Meat and Potatoes is located in Downtown Pittsburgh on Penn Avenue in the Cultural District, near the Benedum Center, Heinz Hall, Pittsburgh Symphony, O’Reilly Theatre, and the Cabaret at Theatre Square. Meat & Potatoes does not offer any on-site parking or valet parking services. However, many surface parking lots and multi-story parking garages are located nearby. The restaurant is located in the space formerly occupied by Cafe Zao, adjacent to the Cabaret at Theatre Square. In fact, the restaurant shares bathrooms with the theater, so avoid using the restrooms at the same time that intermission occurs in the cabaret.
Meat and Potatoes shares the same owners as nearby Butcher and the Rye on Sixth Street and Bar Marco on Penn Avenue in the Strip District.
Meat and Potatoes offers both indoor and outdoor seating. Outdoors, you can dine on the front patio, which is covered by a roof, although it is open at the sides. Indoors, the restaurant features high ceilings, which makes the overall space seem larger than it is. A small private dining room is located near the front of the restaurant, but it holds a limited number of people (perhaps only 12+ diners). The round, marble-topped tables that seat two patrons are diminutive. The two-tops share a common angled padded banquette seat that runs along one wall. Square tables for four patrons line the outer wall of the restaurant and offer a bit more room. It is difficult to fit two large plates, cutlery, glassware, and a candle on the little tables at the same time. In contrast, the bar is large and expansive; positioned in the center of the restaurant space to offer seating around its entire perimeter. On the evening that we dined, every bar stool was occupied, and most patrons seated there ordered full meals, not just drinks.
The food was fantastic! The menu offers something for everyone: basic food like fried pickles and burgers for patrons looking for standard pub fare, to pâté and bone marrow for patrons looking to experiment. In our opinion, the dinner menu is more interesting than the brunch and lunch menus.

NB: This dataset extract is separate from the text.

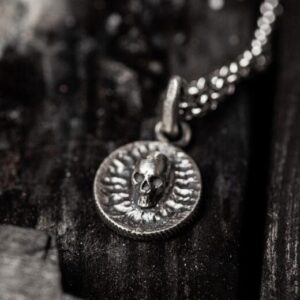 Pandantiv Mini Skull Argint 925, sculptat manual prin tehnica cerii pierdute. Design gotic cu craniu distinctiv și dinți definiți, logo Silver Craft cu dragon și șarpe, simbol al puterii și echilibrului. Accesoriu ideal pentru stiluri dark, goth și rock.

We ordered two appetizers: the bone marrow and the duck tostada (the appetizer of the day). The bone marrow portion was plentiful: three thick 12” bone halves that were very “meaty”, served with slices of grilled bread, capers, sea salt, herbs, and pickled onion. For our entrees, we ordered the pastrami-cured duck breast (served medium rare alongside a dandelion salad and sauerkraut pierogies) and the hanger steak (served with warm fingerling potato salad and Brussel sprout leaves). For dessert, we shared a popcorn mousse creation that contained a white mousse topped with a thin layer of chocolate and caramel topped with ground popcorn dust. Portions are generous, yet the food prices are reasonable.
The restaurant lists their draught beer names and ABVs (but not prices) on a mirrored specials board on one side of the restaurant. Unfortunately, not every table (or every diner, for that matter) can see the board. (For instance, I could see the top half of the board, but my spouse could see none of it because his back was to the list.) In any case, the draught beer that we ordered was NOT listed on the mirror, neither its name, nor its ABV, nor its price (we even double-checked after our meal by walking up to the board). However, the beer that we ordered was a Dogfish ale, which we have enjoyed previously at other bars and restaurants, so we thought that we had an idea of the price. When our bill arrived, we expected the draught beer to be priced similarly to the bottled beers on the menu (an average of $5), but the Dogfish draughts were $11 each! When we questioned our server (and later the hostess) about the prices, both informed us that the price was accurate, and both rather insultingly told us that we should have known that we were drinking expensive beer because the restaurant served it in a slightly smaller-than-usual glass (perhaps a 10-oz. glass instead of a 12-oz. glass).
Unfortunately, the overriding memory that remains of our dinner experience is of the exorbitantly overpriced beers, not of the excellent food. The more-than-double prices for the draught beers (as compared to the bottled beers) make it seem as if the restaurant is deliberately trying to mislead its customers. The food was terrific, but we probably will not return because of the (hidden) price of the drinks. True, we could have inquired about the price from our server, but we assumed (incorrectly) that the draught prices would be equitable to the bottled beer prices. Our server was transparent when she revealed the prices of the daily food specials (which aligned with other similarly coursed items on the regular men), so why the subterfuge on the drinks?